▶ [WHAT IS BEING ASKED]
Output the listing word for word, minus pictures.

▶ [INFORMATION PROVIDED]
+ + +

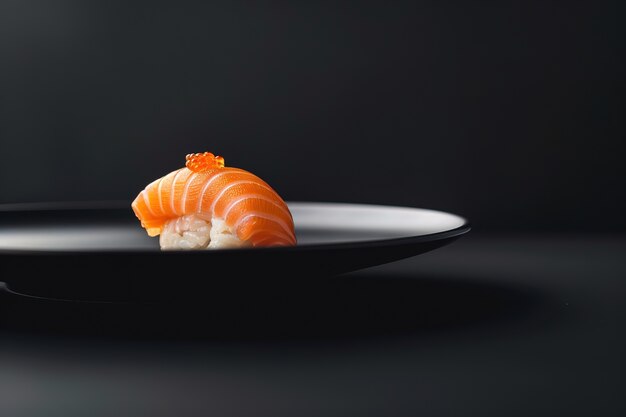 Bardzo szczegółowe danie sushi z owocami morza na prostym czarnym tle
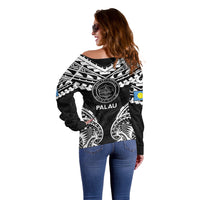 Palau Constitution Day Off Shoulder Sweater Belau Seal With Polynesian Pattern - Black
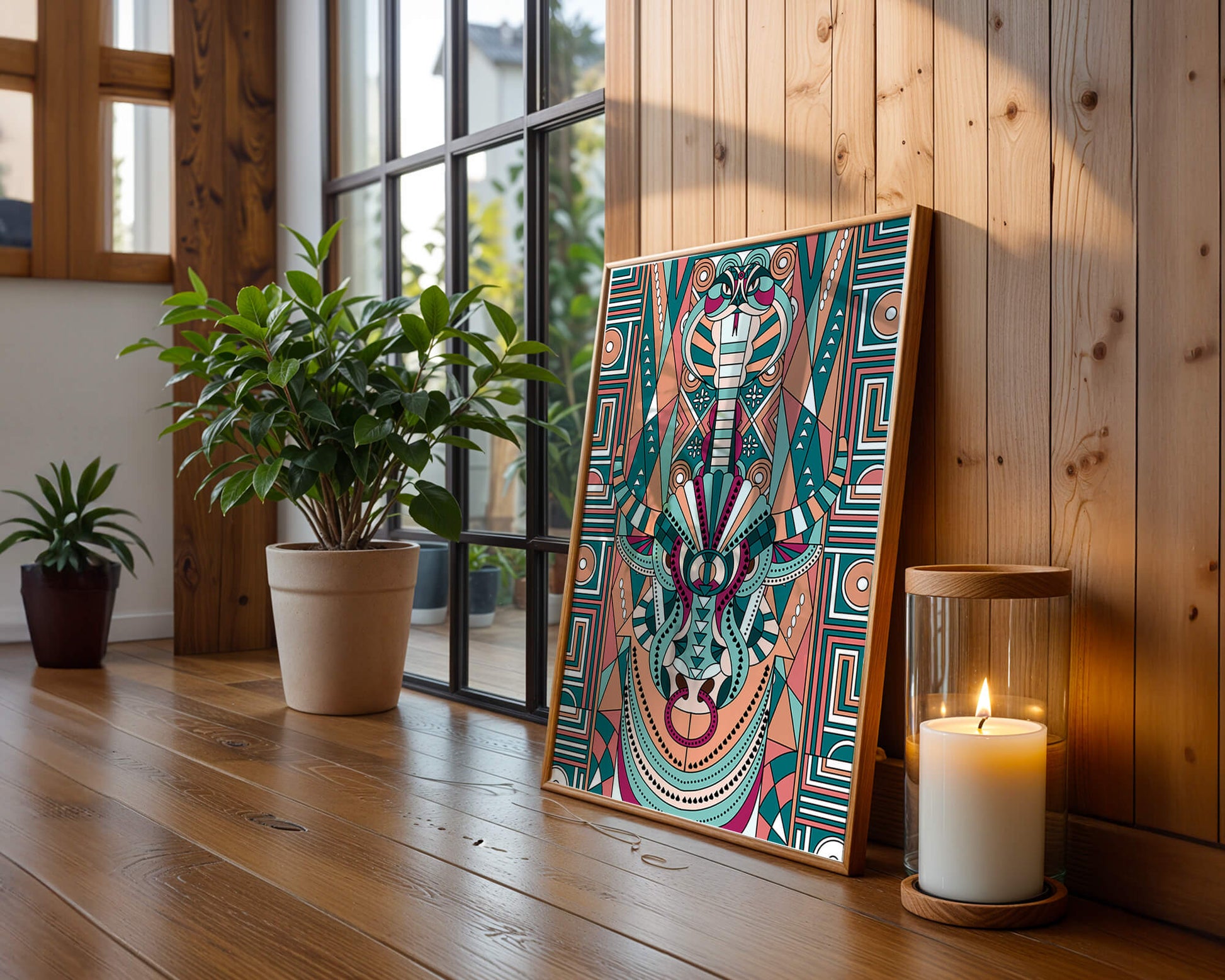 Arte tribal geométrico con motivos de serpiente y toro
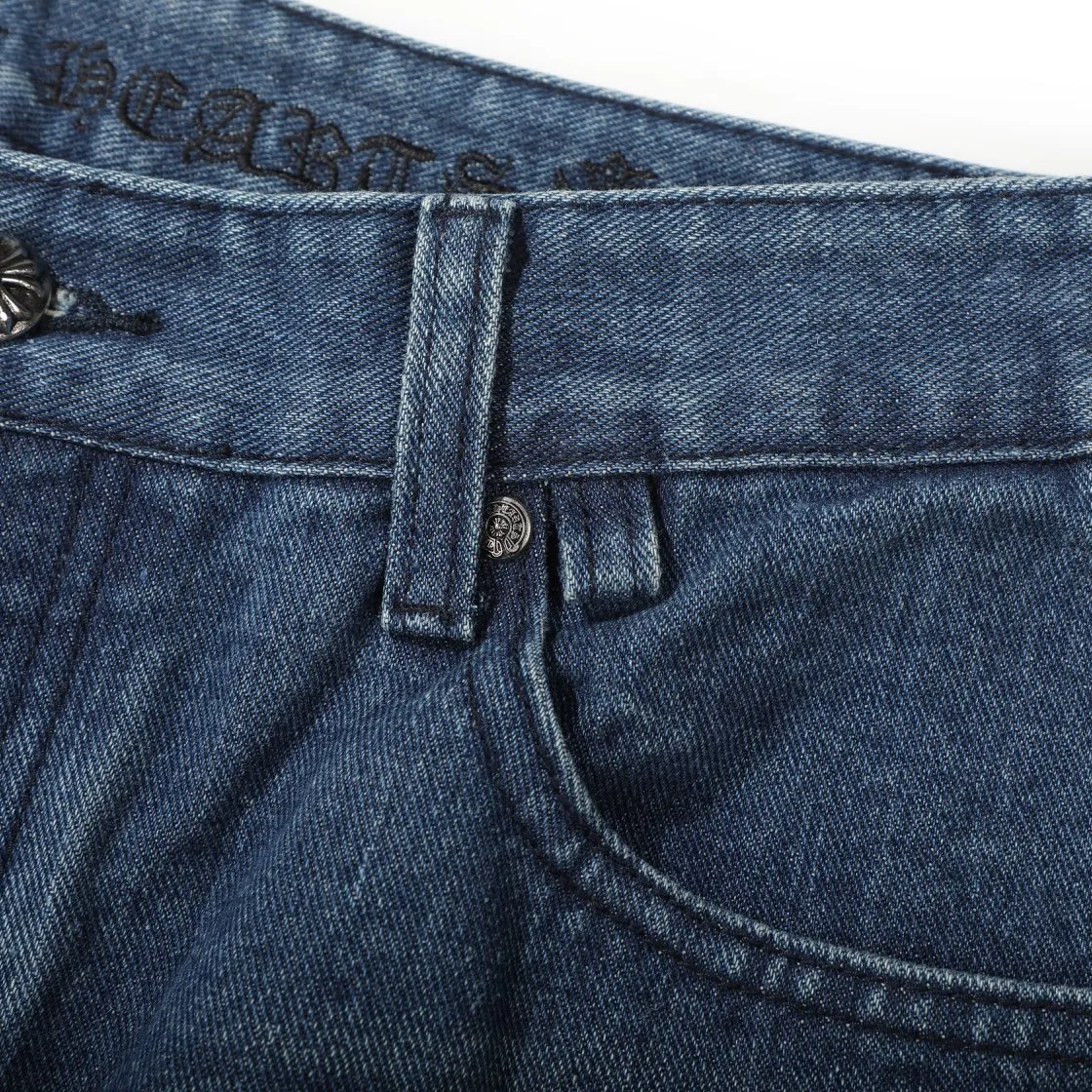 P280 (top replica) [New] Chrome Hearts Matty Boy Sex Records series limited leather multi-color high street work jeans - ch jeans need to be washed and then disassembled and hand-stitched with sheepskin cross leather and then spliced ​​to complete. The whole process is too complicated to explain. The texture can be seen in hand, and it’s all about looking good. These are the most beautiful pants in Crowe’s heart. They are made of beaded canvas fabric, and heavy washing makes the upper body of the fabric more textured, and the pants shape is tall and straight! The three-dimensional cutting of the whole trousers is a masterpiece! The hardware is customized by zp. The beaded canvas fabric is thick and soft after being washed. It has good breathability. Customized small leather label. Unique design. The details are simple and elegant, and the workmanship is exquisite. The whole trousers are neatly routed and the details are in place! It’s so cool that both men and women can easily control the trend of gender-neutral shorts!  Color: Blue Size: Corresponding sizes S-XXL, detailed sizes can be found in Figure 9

+ + +

▶ [RESPONSE FOR THIS EXERCISE]
 Bardzo szczegółowe danie sushi z owocami morza na prostym czarnym tle
 Palau Constitution Day Off Shoulder Sweater Belau Seal With Polynesian Pattern - Black
 Arte tribal geométrico con motivos de serpiente y toro
 P280 (top replica) [New] Chrome Hearts Matty Boy Sex Records series limited leather multi-color high street work jeans - ch jeans need to be washed and then disassembled and hand-stitched with sheepskin cross leather and then spliced ​​to complete. The whole process is too complicated to explain. The texture can be seen in hand, and it’s all about looking good. These are the most beautiful pants in Crowe’s heart. They are made of beaded canvas fabric, and heavy washing makes the upper body of the fabric more textured, and the pants shape is tall and straight! The three-dimensional cutting of the whole trousers is a masterpiece! The hardware is customized by zp. The beaded canvas fabric is thick and soft after being washed. It has good breathability. Customized small leather label. Unique design. The details are simple and elegant, and the workmanship is exquisite. The whole trousers are neatly routed and the details are in place! It’s so cool that both men and women can easily control the trend of gender-neutral shorts!  Color: Blue Size: Corresponding sizes S-XXL, detailed sizes can be found in Figure 9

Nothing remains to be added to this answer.